[Short text fragments from websites]
○ ○ ○ ○ ○

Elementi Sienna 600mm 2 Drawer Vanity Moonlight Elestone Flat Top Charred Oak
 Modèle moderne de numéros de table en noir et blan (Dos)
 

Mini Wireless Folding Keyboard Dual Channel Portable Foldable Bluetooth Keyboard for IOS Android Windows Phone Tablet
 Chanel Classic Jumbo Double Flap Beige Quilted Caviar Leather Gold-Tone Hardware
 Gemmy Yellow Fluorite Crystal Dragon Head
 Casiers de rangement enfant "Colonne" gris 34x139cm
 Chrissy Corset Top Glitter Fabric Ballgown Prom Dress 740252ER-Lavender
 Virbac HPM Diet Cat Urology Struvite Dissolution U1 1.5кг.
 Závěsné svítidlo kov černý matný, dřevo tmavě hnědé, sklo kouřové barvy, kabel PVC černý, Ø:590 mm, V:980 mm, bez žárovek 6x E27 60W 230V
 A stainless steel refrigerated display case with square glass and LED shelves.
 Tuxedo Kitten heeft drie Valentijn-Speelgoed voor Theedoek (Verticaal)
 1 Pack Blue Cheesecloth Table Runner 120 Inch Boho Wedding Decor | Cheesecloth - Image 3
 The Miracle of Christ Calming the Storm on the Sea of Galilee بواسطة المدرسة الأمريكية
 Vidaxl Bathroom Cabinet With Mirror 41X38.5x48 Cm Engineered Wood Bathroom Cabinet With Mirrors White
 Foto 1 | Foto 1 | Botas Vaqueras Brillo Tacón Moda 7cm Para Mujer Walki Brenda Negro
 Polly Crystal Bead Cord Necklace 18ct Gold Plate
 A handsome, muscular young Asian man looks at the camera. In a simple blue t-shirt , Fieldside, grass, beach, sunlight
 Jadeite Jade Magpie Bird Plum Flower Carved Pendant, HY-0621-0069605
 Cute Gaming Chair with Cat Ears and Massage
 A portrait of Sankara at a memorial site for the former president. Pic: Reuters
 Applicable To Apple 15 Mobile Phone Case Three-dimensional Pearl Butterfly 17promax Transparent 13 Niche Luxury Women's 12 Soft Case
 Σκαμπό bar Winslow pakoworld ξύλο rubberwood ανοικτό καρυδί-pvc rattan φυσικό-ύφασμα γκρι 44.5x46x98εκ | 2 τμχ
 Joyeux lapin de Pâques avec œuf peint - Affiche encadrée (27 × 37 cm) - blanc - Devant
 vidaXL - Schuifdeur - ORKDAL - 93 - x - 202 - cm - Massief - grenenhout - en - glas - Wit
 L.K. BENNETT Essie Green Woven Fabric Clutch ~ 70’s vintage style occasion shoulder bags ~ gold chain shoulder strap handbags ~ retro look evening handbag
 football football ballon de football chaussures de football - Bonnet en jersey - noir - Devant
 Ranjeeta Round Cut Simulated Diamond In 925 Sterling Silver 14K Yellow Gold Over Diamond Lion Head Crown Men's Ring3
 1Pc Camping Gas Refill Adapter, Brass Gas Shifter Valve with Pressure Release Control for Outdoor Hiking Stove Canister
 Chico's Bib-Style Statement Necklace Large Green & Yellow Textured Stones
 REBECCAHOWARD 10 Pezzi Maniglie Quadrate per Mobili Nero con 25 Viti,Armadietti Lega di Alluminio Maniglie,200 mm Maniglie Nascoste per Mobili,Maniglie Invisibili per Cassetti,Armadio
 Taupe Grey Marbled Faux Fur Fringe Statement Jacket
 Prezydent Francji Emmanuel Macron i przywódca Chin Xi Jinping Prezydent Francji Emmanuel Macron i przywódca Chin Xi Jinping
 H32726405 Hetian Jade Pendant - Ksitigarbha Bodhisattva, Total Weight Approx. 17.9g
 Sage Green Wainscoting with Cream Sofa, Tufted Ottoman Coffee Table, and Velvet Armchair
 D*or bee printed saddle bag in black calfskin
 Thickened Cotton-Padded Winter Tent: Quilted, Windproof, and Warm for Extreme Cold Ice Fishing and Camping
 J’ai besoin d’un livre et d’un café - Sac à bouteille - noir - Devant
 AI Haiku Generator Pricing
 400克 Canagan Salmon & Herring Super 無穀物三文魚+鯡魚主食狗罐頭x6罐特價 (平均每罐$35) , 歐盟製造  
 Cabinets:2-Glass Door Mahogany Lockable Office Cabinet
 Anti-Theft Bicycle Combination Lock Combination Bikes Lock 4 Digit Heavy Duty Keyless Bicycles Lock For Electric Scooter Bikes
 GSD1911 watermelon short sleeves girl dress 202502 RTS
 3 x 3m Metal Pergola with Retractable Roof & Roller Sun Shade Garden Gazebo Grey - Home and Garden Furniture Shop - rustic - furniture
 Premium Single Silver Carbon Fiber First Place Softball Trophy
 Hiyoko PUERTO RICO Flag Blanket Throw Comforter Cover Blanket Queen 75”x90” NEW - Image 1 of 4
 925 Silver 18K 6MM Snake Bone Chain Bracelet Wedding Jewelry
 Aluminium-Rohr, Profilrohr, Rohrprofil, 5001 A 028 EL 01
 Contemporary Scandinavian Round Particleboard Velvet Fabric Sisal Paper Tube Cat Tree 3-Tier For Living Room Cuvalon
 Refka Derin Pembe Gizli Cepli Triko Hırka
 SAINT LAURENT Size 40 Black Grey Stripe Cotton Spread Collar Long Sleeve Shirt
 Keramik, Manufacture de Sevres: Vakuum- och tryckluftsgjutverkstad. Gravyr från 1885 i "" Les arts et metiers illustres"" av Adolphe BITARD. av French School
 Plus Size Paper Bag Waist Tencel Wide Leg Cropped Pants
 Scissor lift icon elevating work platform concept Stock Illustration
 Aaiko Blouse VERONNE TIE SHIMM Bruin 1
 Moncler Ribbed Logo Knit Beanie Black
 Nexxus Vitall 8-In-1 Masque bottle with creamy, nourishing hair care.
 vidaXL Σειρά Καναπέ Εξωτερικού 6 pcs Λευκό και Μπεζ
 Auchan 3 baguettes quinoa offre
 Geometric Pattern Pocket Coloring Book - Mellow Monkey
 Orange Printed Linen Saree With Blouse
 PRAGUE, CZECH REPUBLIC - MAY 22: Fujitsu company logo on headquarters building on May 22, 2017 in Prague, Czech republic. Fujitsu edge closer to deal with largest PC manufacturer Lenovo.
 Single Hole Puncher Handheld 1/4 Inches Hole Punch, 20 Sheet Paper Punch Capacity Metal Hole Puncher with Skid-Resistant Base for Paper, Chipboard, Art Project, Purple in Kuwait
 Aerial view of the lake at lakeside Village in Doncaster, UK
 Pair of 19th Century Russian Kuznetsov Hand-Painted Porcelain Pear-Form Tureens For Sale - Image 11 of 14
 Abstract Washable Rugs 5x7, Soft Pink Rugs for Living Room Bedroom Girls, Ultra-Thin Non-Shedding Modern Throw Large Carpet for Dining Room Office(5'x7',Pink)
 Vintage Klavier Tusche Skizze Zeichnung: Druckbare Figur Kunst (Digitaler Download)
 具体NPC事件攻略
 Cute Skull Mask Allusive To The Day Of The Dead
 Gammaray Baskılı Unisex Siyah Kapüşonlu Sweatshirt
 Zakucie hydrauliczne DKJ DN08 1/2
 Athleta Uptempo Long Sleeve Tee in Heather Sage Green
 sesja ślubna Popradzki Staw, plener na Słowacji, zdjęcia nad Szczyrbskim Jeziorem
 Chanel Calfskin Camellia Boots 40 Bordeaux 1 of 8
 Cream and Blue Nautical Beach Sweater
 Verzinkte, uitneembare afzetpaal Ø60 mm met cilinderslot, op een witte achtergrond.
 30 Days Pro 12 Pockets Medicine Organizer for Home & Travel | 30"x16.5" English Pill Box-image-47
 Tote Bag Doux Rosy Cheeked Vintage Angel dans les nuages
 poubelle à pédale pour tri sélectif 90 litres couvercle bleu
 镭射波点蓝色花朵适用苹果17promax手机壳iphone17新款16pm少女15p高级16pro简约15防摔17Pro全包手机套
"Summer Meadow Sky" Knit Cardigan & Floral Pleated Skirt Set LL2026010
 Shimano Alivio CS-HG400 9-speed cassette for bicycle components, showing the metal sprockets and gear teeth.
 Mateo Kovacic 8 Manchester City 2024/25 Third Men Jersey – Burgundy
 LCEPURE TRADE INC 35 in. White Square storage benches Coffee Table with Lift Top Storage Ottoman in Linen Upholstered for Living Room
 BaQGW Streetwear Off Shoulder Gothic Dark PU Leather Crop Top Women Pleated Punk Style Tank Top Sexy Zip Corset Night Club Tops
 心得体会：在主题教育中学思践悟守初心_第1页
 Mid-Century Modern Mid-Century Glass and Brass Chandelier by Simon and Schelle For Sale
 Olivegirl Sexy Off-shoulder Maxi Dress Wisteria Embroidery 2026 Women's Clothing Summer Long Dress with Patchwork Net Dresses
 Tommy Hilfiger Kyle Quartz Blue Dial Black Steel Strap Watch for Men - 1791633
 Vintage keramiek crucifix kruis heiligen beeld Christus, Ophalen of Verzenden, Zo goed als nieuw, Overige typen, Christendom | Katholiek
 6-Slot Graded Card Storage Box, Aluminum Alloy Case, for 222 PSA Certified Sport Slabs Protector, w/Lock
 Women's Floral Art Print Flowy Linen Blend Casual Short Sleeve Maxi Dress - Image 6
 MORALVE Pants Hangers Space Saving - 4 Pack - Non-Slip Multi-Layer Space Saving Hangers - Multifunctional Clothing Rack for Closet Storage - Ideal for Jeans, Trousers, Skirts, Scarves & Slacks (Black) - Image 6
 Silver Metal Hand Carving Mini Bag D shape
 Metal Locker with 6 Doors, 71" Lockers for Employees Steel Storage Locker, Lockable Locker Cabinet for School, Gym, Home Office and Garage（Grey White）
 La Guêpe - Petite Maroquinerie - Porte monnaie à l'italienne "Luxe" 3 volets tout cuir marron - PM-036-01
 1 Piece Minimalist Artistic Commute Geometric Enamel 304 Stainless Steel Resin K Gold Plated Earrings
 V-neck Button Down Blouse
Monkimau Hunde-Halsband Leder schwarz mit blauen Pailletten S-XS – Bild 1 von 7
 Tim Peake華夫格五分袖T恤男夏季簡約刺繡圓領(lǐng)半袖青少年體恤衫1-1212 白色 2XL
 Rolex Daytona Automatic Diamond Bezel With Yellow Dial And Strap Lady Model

○ ○ ○ ○ ○

__WHAT TO DO__.
Copy out the entries above exactly as given, starting at the top and ending with the line containing "vidaXL - Schuifdeur"; include both and nothing more.

__ANSWER BOX__.
Elementi Sienna 600mm 2 Drawer Vanity Moonlight Elestone Flat Top Charred Oak
 Modèle moderne de numéros de table en noir et blan (Dos)
 

Mini Wireless Folding Keyboard Dual Channel Portable Foldable Bluetooth Keyboard for IOS Android Windows Phone Tablet
 Chanel Classic Jumbo Double Flap Beige Quilted Caviar Leather Gold-Tone Hardware
 Gemmy Yellow Fluorite Crystal Dragon Head
 Casiers de rangement enfant "Colonne" gris 34x139cm
 Chrissy Corset Top Glitter Fabric Ballgown Prom Dress 740252ER-Lavender
 Virbac HPM Diet Cat Urology Struvite Dissolution U1 1.5кг.
 Závěsné svítidlo kov černý matný, dřevo tmavě hnědé, sklo kouřové barvy, kabel PVC černý, Ø:590 mm, V:980 mm, bez žárovek 6x E27 60W 230V
 A stainless steel refrigerated display case with square glass and LED shelves.
 Tuxedo Kitten heeft drie Valentijn-Speelgoed voor Theedoek (Verticaal)
 1 Pack Blue Cheesecloth Table Runner 120 Inch Boho Wedding Decor | Cheesecloth - Image 3
 The Miracle of Christ Calming the Storm on the Sea of Galilee بواسطة المدرسة الأمريكية
 Vidaxl Bathroom Cabinet With Mirror 41X38.5x48 Cm Engineered Wood Bathroom Cabinet With Mirrors White
 Foto 1 | Foto 1 | Botas Vaqueras Brillo Tacón Moda 7cm Para Mujer Walki Brenda Negro
 Polly Crystal Bead Cord Necklace 18ct Gold Plate
 A handsome, muscular young Asian man looks at the camera. In a simple blue t-shirt , Fieldside, grass, beach, sunlight
 Jadeite Jade Magpie Bird Plum Flower Carved Pendant, HY-0621-0069605
 Cute Gaming Chair with Cat Ears and Massage
 A portrait of Sankara at a memorial site for the former president. Pic: Reuters
 Applicable To Apple 15 Mobile Phone Case Three-dimensional Pearl Butterfly 17promax Transparent 13 Niche Luxury Women's 12 Soft Case
 Σκαμπό bar Winslow pakoworld ξύλο rubberwood ανοικτό καρυδί-pvc rattan φυσικό-ύφασμα γκρι 44.5x46x98εκ | 2 τμχ
 Joyeux lapin de Pâques avec œuf peint - Affiche encadrée (27 × 37 cm) - blanc - Devant
 vidaXL - Schuifdeur - ORKDAL - 93 - x - 202 - cm - Massief - grenenhout - en - glas - Wit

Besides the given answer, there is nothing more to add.